Хотя пан Глембоцкий к евреям никакого отношения не имел (он вел свой род от мелких шляхтичей) и мог за себя не опасаться, он все же к каждому тревожному слуху о евреях относился серьезно: сегодня - слух, завтра - факт. В расширении мастерской и ее переводе на угол Троцкой и Завальной пан Юзеф тоже усмотрел - по крайней мере для себя - дурной знак: наверно, снимут с должности и назначат другого - русского или литовца. Еврея Хлойне, окажись слухи верными, начальником вряд ли поставят.

Насчет себя Глембоцкий ошибался: с должности его не сняли. Что же до евреев, то слухи об их преследовании множились, и пан Юзеф пребывал в растерянности. При всем своем почтении к этому шустрому племени он им, к сожалению, ничем помочь не сможет. Однажды уже пытался: "Портных убивать нельзя..." И чуть не поплатился... Господь Бог, и тот в войну им не помог. А ведь Отец небесный - не поляк, не мелкий шляхтич из-под Ченстохова, а их человек в горних высях.

Жизнь, как всегда, распорядилась по-своему и избавила "врио" от угрызений совести.

Накануне Рождества Глембоцкий захворал и лег в больницу. На следующий день Хлойне откуда-то принес на Троцкую известие, что у пана Юзефа обнаружили болезнь, при которой все время трясутся руки. Портной с трясущимися коленками - это, мол, еще куда ни шло. Но с трясущимися руками!..

Пока Глембоцкий болел, его попеременно замещали партизан Диниц - он отвечал на звонки из треста и подписывал какие-то бумаги - и отец, договаривавшийся с клиентами о форме пошива, о сроках, показывавший им образцы материала, снимавший мерки.

Работы перед Рождеством было больше, чем обычно, и отец вьюном вертелся то возле одного заказчика, то возле другого.

Вдруг в ателье вошли двое - дылда, подстриженный под тракториста актера Крючкова, и одетый не по сезону в замшевую куртку, не сходившуюся на брюшке, благообразный толстяк с дряблым лицом священника.

- Садитесь, пожалуйста. Сейчас я вас обслужу, - сказал отец и задержал свой взгляд на расстегнутой замшевой куртке.

Незнакомцы сели и, дождавшись, когда в ателье, кроме портных, никого не осталось, быстро поднялись и обступили отца.

- Что будем шить? - почему-то волнуясь, тихо спросил он.

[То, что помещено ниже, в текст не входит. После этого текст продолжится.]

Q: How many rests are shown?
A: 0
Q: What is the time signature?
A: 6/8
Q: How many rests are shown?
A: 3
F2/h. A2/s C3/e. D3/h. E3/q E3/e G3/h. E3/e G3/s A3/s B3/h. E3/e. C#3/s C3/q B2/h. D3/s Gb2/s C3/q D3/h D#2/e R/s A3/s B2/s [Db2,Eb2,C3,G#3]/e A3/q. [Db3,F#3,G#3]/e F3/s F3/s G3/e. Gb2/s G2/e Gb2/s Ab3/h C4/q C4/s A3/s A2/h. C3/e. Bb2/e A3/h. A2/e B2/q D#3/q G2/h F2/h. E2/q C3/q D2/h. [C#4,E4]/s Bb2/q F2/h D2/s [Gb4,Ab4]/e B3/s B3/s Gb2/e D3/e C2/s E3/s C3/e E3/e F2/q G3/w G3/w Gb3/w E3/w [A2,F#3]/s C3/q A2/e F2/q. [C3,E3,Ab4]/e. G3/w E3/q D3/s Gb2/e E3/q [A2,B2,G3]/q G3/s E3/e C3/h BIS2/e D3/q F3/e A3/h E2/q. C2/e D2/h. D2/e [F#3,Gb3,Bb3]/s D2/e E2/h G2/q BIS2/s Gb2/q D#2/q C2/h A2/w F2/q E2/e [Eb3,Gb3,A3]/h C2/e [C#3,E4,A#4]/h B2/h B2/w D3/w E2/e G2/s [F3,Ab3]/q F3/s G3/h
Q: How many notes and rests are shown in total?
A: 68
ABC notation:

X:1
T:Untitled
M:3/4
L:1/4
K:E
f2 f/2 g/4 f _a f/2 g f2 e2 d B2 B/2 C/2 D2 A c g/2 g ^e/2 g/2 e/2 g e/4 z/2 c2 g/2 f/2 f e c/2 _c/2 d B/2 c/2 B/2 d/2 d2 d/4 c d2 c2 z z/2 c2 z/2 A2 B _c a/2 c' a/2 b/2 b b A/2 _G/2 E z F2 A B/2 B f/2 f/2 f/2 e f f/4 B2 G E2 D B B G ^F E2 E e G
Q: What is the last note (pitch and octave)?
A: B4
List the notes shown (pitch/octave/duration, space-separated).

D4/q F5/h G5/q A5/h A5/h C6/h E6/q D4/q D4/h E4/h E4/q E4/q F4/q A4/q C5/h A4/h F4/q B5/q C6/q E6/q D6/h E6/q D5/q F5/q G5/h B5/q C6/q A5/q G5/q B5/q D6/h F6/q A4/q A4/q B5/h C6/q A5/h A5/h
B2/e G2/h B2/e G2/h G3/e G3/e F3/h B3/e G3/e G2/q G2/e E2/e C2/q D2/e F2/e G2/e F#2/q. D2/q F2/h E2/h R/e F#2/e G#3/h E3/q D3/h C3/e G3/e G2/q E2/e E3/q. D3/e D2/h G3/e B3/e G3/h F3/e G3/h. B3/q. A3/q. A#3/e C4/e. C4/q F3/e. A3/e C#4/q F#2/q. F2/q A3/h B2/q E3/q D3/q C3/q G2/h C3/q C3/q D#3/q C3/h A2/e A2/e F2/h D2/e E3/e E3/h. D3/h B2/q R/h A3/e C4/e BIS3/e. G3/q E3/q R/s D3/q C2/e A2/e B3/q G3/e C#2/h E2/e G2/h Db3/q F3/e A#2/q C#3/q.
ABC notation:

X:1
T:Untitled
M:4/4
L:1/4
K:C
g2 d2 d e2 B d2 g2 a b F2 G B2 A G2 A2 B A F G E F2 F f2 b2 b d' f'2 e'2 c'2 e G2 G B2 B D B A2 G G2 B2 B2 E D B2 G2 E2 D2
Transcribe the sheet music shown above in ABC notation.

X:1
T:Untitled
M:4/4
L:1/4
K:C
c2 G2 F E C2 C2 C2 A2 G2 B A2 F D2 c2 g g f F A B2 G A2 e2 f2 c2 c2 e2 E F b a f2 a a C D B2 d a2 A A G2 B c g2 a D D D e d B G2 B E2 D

- Скажите, пожалуйста, - предпочел свой вопрос отцовскому толстяк в замшевой куртке, - у вас не найдется таблички "Закрыто на переучет"?

И показал свое удостоверение.

"За кем они? - кольнуло у отца в висках. - За Диницем? За хуторянином Цукерманом? За несгибаемым большевиком Хлойне?"

Себя отец упорно и утешительно исключал из этого ряда, но уверенности в том, что его не тронут, от самоутешения и упорства нисколько не прибавлялось...

- Я не знаю, есть ли у нас такая табличка.

- Умеете писать по-русски? - спросил второй в замшевой куртке.

- Нет, - с облегчением сказал отец.

- Попросите того, кто умеет. Пусть напишет: "Переучет до 16 часов". Кто тут у вас самый грамотный?

- Цукерман.

- Вот и хорошо, - пробасил дылда. - И ключ от дверей прихватите.

Отец кивнул головой, вошел в большую комнату, где, ни о чем не ведая, спокойно работал "eskadron zydovsky", взял со стола лист, на котором перед кроем расчерчивали образцы одежды, и поднес к самому образованному из них Цукерману.

- Иосиф, - сказал он, стараясь не выдать своего волнения, - напиши на листе: "Переучет до 16 часов". По-русски.

- Зачем? - спросил Цукерман.

- Надо. Потом объясню.

Хуторянин размашисто вывел химическим карандашом надпись, отец достал из своего рабочего шкафчика запасной ключ от дверей и понес "табличку", как приговор, в приемную.

Дылда, подстриженный под тракториста, пробежал глазами надпись, похвалил: "Молодец! Ни одной ошибки", пришпилил ее с наружной стороны дверей, сами двери закрыл на ключ, ключ спрятал в карман, и в маленькой стране, еще недавно благословенной, не отмеченной ни на одной карте и никому не грозившей, среди бела дня начался обыск.